How a 'minimum viable wellness plan' helps ThroughLine founder and CEO Elliot Taylor keep well.

Contributor

Caitlin Sykes

ThroughLine founder and CEO Elliot Taylor

It's easy to be allured by the stories of founders who are seemingly bulletproof and working 24/7, says Elliot Taylor. But the founder and CEO of ThroughLine likens building a lasting business to running a marathon.

“If you're running a marathon, you have to pace yourself; you don't start out of the blocks sprinting. Success in the long run comes from keeping a consistent pace.”

Through its flagship Find A Helpline product – the world’s largest verified network of crisis hotlines and helplines – and integrations with platforms like Google and Grammarly, ThroughLine connects people in crisis globally with the best support for them. 

On Wednesday, Taylor was among the speakers at Sunrise Aotearoa talking about how to bake impact into your startup from day one. But being a founder can also impact your mental and physical wellbeing – for Taylor, primarily because work is always on his mind. 

“One of the things I've found the most challenging is your brain is always in some way thinking about it. Especially for the work we do – we're supporting people in an emotional crisis – it's something that I'm deeply passionate about. I know if we do well in our work, then quite literally, people's lives are saved.” 
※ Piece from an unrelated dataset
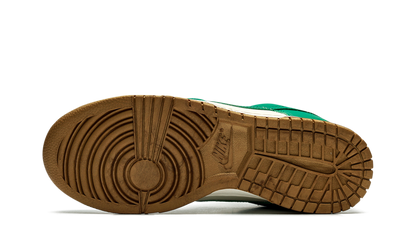 DUNK LOW WMNS "Malachite" FB7173 131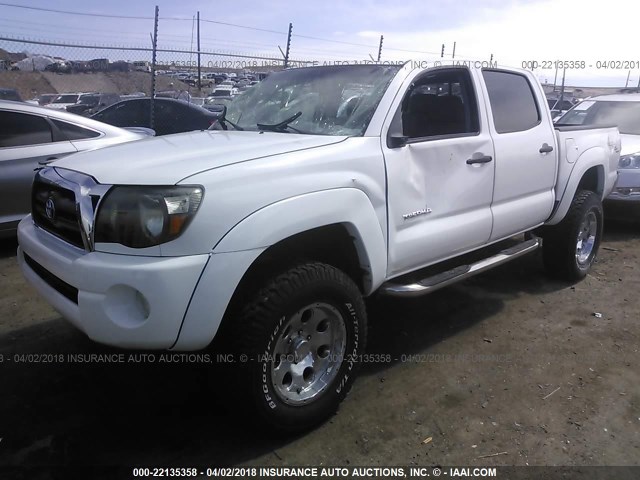 5TEJU62N28Z478856 - 2008 TOYOTA TACOMA DOUBLE CAB PRERUNNER WHITE photo 2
Taylor runs ThroughLine from rural Taranaki, where he lives on a 15-acre property. He talks to Caffeine about his take on his keeping well, and five things he does to make that happen. 

1. Find your rhythm

I'm an organism, I'm not a machine; I can't be plugged into the wall 24/7. My body needs a rhythm in order to sustain itself and perform consistently. So probably the biggest thing for me is having a very strong daily rhythm of life and work. 

When I think of my daily rhythm, I actually don't think about it as something that starts at the start of the day. My daily rhythm, in a sense, starts when I go to sleep. I've struggled with insomnia quite a bit so sleep is one of the main areas I've worked on to try and improve. I've learnt a lot about how to optimise for good sleep and I'm still learning, but the most important thing for me is keeping an incredibly strict sleep rhythm.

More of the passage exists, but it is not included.